De externe host wordt om toestemming gevraagd om naar de gevraagde modus te gaan. Als de
externe host in staat is om naar die modus te gaan, wordt de gevraagde modus ingevoerd.

karakter Schakel de TELNET LINEMODE-optie uit, of, als de externe kant dat niet doet
begrijp de LINEMODE-optie en voer vervolgens 'teken voor teken' in
modus.

lijn Schakel de optie TELNET LINEMODE in, of, als de externe kant dat niet doet
begrijp de LINEMODE-optie en probeer vervolgens “oud-regel-voor-
lijn“ modus.

zelf (-isig) Probeer de TRAPSIG-modus van de LINEMODE in te schakelen (uit te schakelen).
keuze.

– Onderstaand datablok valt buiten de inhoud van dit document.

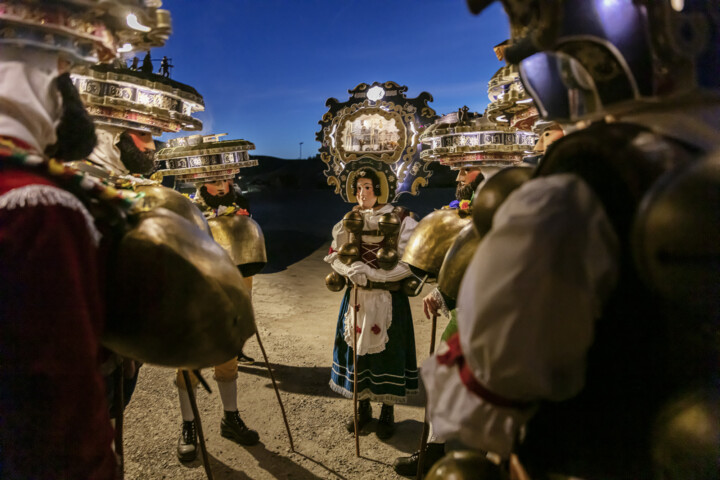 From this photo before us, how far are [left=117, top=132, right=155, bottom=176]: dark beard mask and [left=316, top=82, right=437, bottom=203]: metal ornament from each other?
5.13 feet

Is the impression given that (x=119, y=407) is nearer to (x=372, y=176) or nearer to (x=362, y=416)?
(x=362, y=416)

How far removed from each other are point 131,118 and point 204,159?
34.0 inches

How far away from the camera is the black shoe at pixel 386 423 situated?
310cm

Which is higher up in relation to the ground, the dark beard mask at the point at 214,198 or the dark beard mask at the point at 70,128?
the dark beard mask at the point at 70,128

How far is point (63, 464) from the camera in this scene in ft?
3.04

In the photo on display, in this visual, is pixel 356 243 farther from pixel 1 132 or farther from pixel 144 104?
pixel 1 132

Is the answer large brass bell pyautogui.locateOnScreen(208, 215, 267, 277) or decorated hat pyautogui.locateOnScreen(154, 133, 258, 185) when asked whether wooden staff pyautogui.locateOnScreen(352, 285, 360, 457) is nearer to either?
large brass bell pyautogui.locateOnScreen(208, 215, 267, 277)

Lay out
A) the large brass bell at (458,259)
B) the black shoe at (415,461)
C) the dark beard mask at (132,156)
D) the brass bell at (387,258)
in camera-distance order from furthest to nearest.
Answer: the brass bell at (387,258) → the black shoe at (415,461) → the dark beard mask at (132,156) → the large brass bell at (458,259)

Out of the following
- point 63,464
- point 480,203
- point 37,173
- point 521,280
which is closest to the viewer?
point 521,280

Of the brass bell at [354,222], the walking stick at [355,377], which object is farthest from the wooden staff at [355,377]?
the brass bell at [354,222]

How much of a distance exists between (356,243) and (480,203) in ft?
6.66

Hiervoor moet de optie LINEMODE zijn ingeschakeld.

Bewerk (-Bewerk) Probeer de EDIT-modus van de LINEMODE-optie in te schakelen (uit te schakelen).
Hiervoor moet de optie LINEMODE zijn ingeschakeld.

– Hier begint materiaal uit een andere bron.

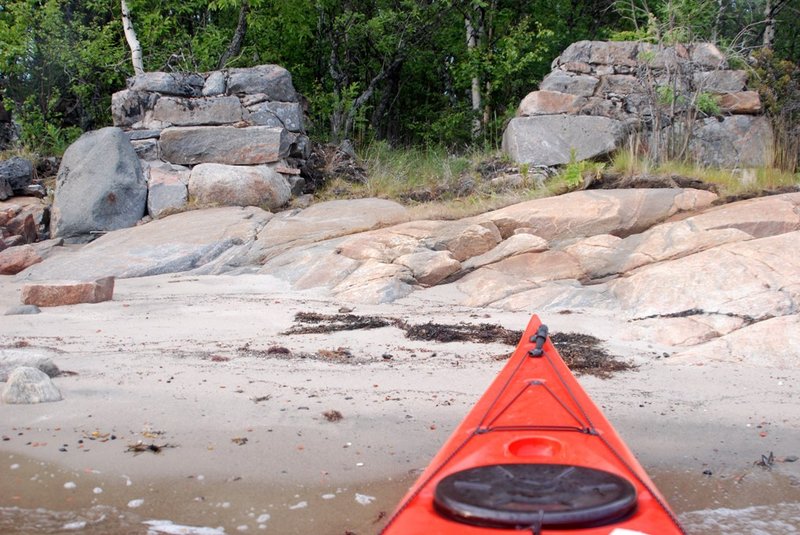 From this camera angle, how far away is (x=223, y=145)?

softtabbladen (- softtabs)
Probeer de SOFT_TAB-modus van de LINEMODE in te schakelen (uit te schakelen).
keuze. Hiervoor moet de optie LINEMODE zijn ingeschakeld.

litecho (-litecho)
Probeer de LIT_ECHO-modus van de LINEMODE in te schakelen (uit te schakelen).
keuze. Hiervoor moet de optie LINEMODE zijn ingeschakeld.

? Drukt helpinformatie af voor de mode opdracht.

open gastheer [[-l] gebruiker][- port]
Open een verbinding met de benoemde host. Als er geen poortnummer is opgegeven, telnet wil
proberen contact te maken met een TELNET-server op de standaardpoort. De hostspecificatie
kan een hostnaam zijn (zie hosts(5)) of een internetadres gespecificeerd in de
"puntnotatie" (zie inet(3)). De [-l] optie kan worden gebruikt om de gebruiker te specificeren
naam die via de ENVIRON-optie aan het externe systeem moet worden doorgegeven. Bij het aansluiten
naar een niet-standaard poort, telnet laat elke automatische start van TELNET-opties achterwege.
Wanneer het poortnummer wordt voorafgegaan door een minteken, vindt de initiële optieonderhandeling plaats
is klaar. Na het tot stand brengen van een verbinding, wordt het bestand .telnetrc in het huis van de gebruiker
map wordt geopend. Regels die beginnen met een # zijn commentaarregels. Blanco regels
worden genegeerd. Regels die zonder witruimte beginnen, vormen het begin van een machine
binnenkomst. Het eerste dat op de regel staat, is de naam van de machine die wordt gemaakt
verbonden met. De rest van de lijn, en opeenvolgende lijnen die beginnen met wit
ruimte verondersteld wordt telnet commando's en worden verwerkt alsof ze zijn geweest
handmatig ingevoerd in de telnet opdrachtprompt.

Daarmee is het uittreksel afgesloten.